When you're formatting a measure, you need to see everything that's happening simultaneously in that slice of time. All the voices at once, so you can work out spacing, avoid collisions, align things vertically. It's how a conductor thinks about a score: bar 5 across all the instruments, not following each instrument's line from beginning to end.

Here's the difficulty: in our current model, voices own measures. To get 'everything in measure 5', I have to find all the voices in a staff, look inside each one, find measure 5 in each voice, and collect them all together. I'm reconstructing what the printed page shows me directly: measure 5 contains these voices.

The Original Structure

The hierarchy looked like this
Picture
​This seemed sensible at first. We were thinking about voices as independent melodic lines that happen to align at measure boundaries. We even structured it this way to handle ossia staves (those little alternative passages that appear for a few measures then disappear).

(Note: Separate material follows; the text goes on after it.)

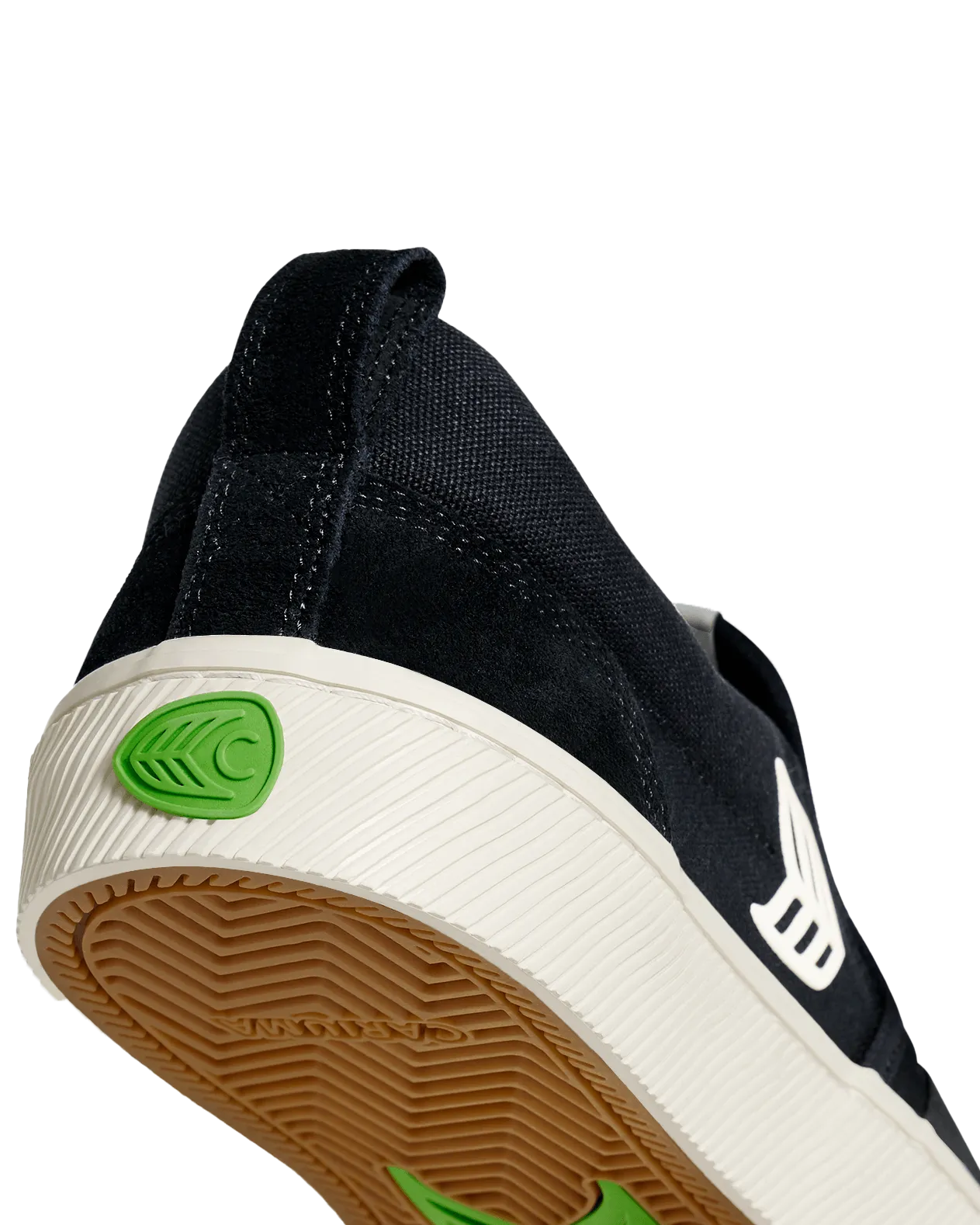 Slip On Skate Pro Shoes in Black Suede & Ivory Logo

But that's not how notation actually works. Measures are the organising unit. Voices are just 'simultaneous material in this measure'.

The Revised Structure

Picture
​Measures contain voices. Problem solved: 'give me everything in measure 5' is just a direct lookup. All the voices are right there.

And ossia staves? Actually clearer in this model. A staff just enters at measure 17 and exits at measure 20. Clean and explicit.

The Implementation

The conceptual change is straightforward: flip the hierarchy so measures contain voices instead of voices containing measures. The implementation touches about 40 files because this hierarchy is everywhere – it's the spine of the system. Record definitions, accessor methods, specs, generators, thousands of tests, documentation. Everything builds on this assumption.

But here's the thing: it's still intellectually manageable despite being architecturally pervasive. We're not adding complexity or clever tricks. We're just making the model honest. Every place that changes is a place where the code now says something true instead of something awkward.

The timewalker (the thing that walks through a piece in temporal order) becomes significantly more efficient too. Instead of recursing through voices to find measures, it just walks the measures directly. We're expecting 15–35% fewer allocations – fewer temporary objects being created and discarded, which means it runs faster with less memory overhead.

Discovery, Not Planning

Here's what's interesting: I didn't know this change was necessary until I started thinking about rendering. The original model wasn't obviously wrong. It worked fine for everything we'd built so far. Only when I sat down to work out how to actually draw the notation did the mismatch become clear.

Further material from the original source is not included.